Plus ridicules encore, certains idéologues républicains, auxquels quelques chefs d'entreprise capitalistes joignent logiquement leur voix, intéressés qu'ils sont par la "valeur travail", fustigent l'individualisme de la jeunesse, décidément bien mal éduquée. L'individualisme ? Où ça ? Je sais bien qu'on est en France, et pas encore aux Etats-Unis, mais l'individualisme ne se rencontre plus guère que dans le titi parisien, espèce en voie de disparition. Et encore, beaucoup d'entre eux ont désormais un téléphone portable, signe d'individualisme défaillant, ou bien, comme dirait Freud, de cordon ombilical mal sectionné. Dans un pays peuplé d'individualistes, les publicitaires pourraient remballer leur doctrine et aller se faire voir ailleurs. Une des principales actions de l'école, dite républicaine, est de tuer l'individualisme dans l'oeuf, en enseignant l'arithmétique et toutes les sciences sociales superflues. La confusion est faite, plus ou moins volontairement, entre l'individualisme et le relativisme moral, forme dévoyée de celui-ci. Sur ce point, c'est Nitche, défenseur de la grande vertu antique contre la moraline moderne, qui a raison quand il indique que la vertu est liée en principe à la jouissance (de sorte que pour Nitche, seul un aristocrate ou un surhomme peut être vertueux, car il pèse sur le peuple-esclave une contrainte trop forte pour qu'il puisse jouir pleinement) ; on peut donc voir le relativisme moral comme étant lié à une volonté affaiblie, "féminine" dit notre poète-surhomme, et la conséquence d'un régime de frustration. Or la tactique de l'économie capitaliste est de créer l'insatisfaction afin de mieux soumettre un maximum d'insatisfaits.

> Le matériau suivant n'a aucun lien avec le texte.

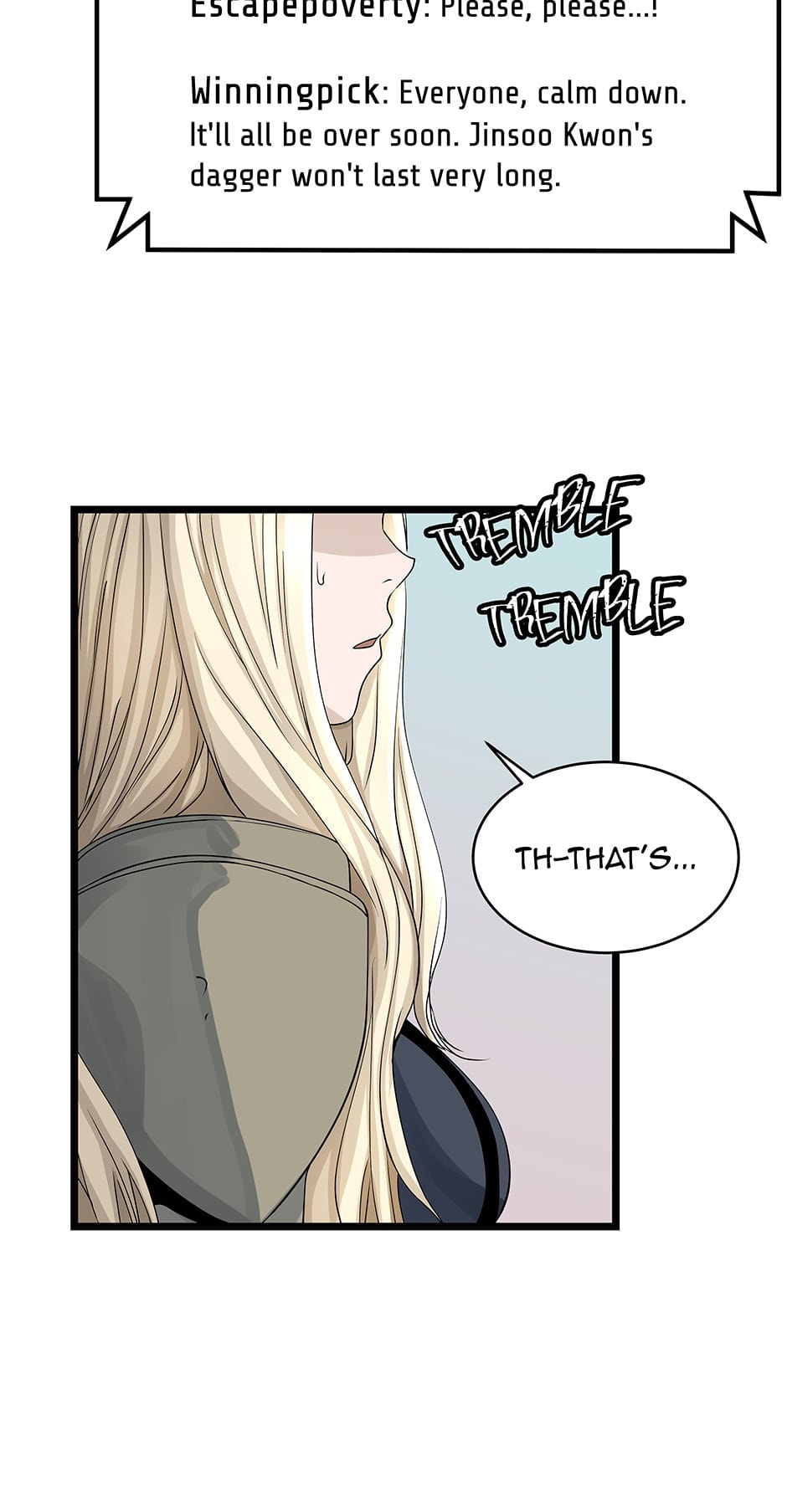 Read The Undefeated Newbie chapter 26 image 23 on Lezhin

Cependant la critique de la morale bourgeoise moderne par Nitche ne s'accompagne pas de moyens politiques efficaces de restauration d'un ordre inique mais équilibré. Le leitmotiv du changement s'impose, aussi dénué de but concret ou même politique soit-il.
Pour ce qui est de l'individualisme véritable, Nitche ne le conçoit pas, pas plus qu'il ne conçoit la métaphysique ou le Christ, roi des anarchistes, autrement que comme un esprit faible et rêveur, tributaire du temps et non de la matière. La pensée de Nitche ne franchit pas le cap ou ne veut pas franchir le cap de la biologie ou de la physique, et il projette sur le cosmos un raisonnement, si ce n'est abstrait et dérisoire comme les modèles mathématiques, tout de même humain ou anthropologique, c'est-à-dire indifférent aux choses éternelles dans la mesure où elles paraissent inaccessibles à l'homme.